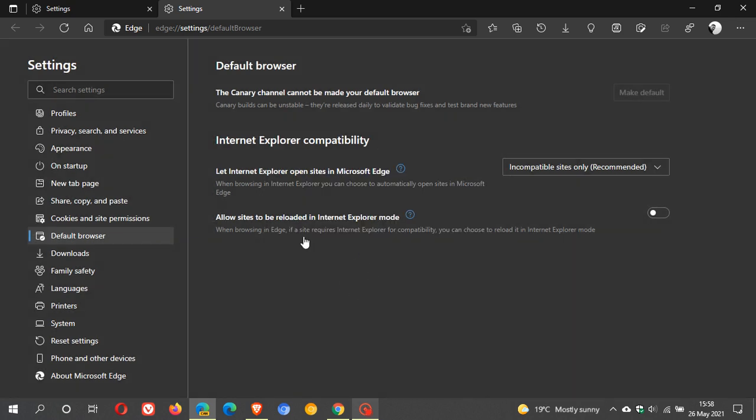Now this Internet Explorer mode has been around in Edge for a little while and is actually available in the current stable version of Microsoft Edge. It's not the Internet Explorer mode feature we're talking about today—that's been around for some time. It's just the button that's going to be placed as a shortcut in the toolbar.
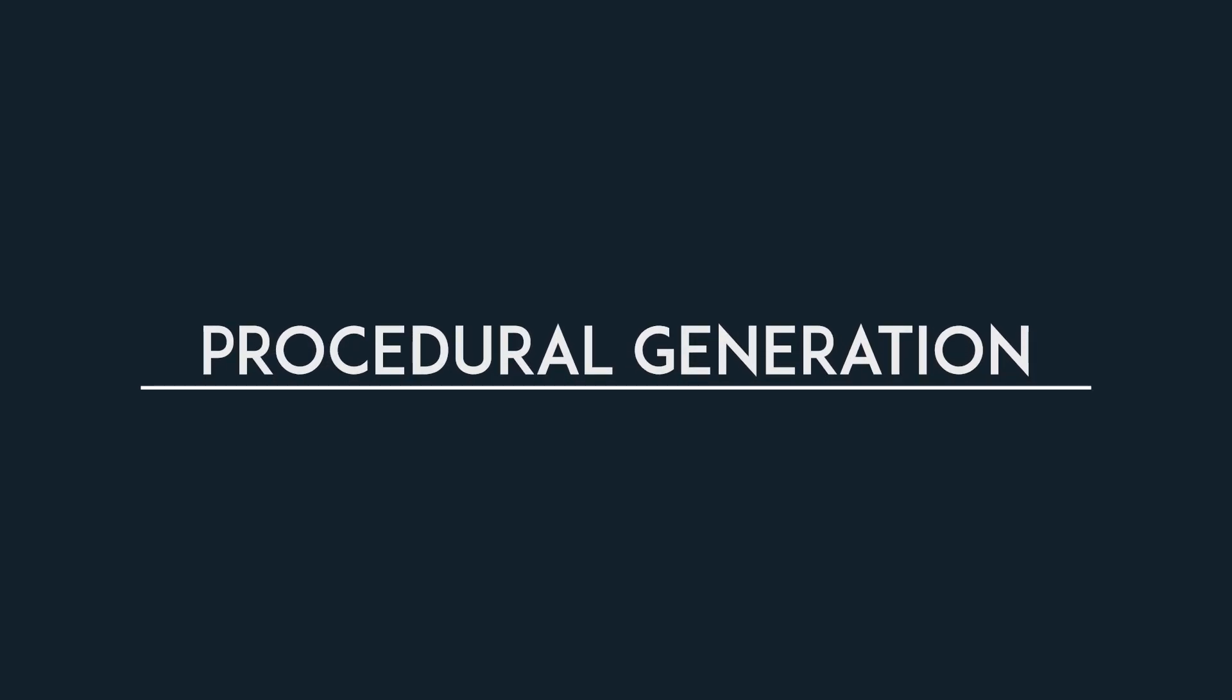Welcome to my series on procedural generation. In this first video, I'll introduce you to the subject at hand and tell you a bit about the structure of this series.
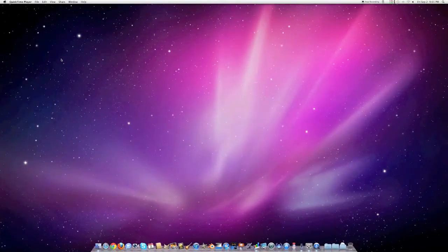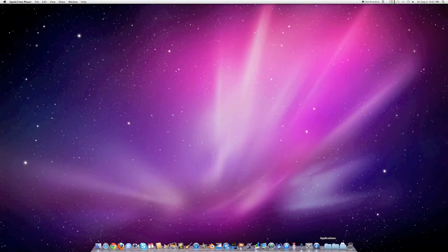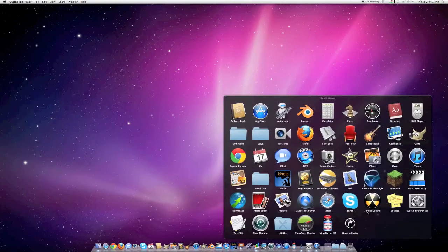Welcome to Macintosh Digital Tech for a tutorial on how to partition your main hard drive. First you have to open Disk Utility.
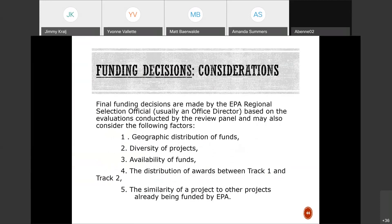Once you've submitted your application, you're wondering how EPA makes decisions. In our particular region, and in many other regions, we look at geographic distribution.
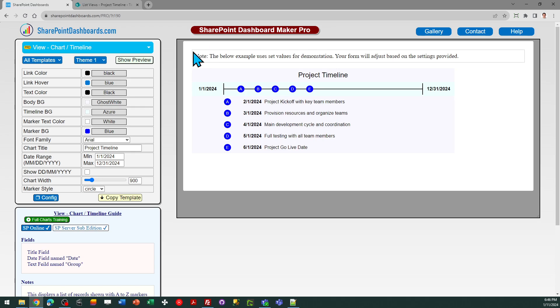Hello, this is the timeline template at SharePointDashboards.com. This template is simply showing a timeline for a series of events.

REQUIRED ACTION:
The result should be the full set of entries above, restated exactly and without images.

ANSWER TO THIS PROBLEM:
Now this Internet Explorer mode has been around in Edge for a little while and is actually available in the current stable version of Microsoft Edge. It's not the Internet Explorer mode feature we're talking about today—that's been around for some time. It's just the button that's going to be placed as a shortcut in the toolbar.
Welcome to my series on procedural generation. In this first video, I'll introduce you to the subject at hand and tell you a bit about the structure of this series.
Welcome to Macintosh Digital Tech for a tutorial on how to partition your main hard drive. First you have to open Disk Utility.
Once you've submitted your application, you're wondering how EPA makes decisions. In our particular region, and in many other regions, we look at geographic distribution.
Hello, this is the timeline template at SharePointDashboards.com. This template is simply showing a timeline for a series of events.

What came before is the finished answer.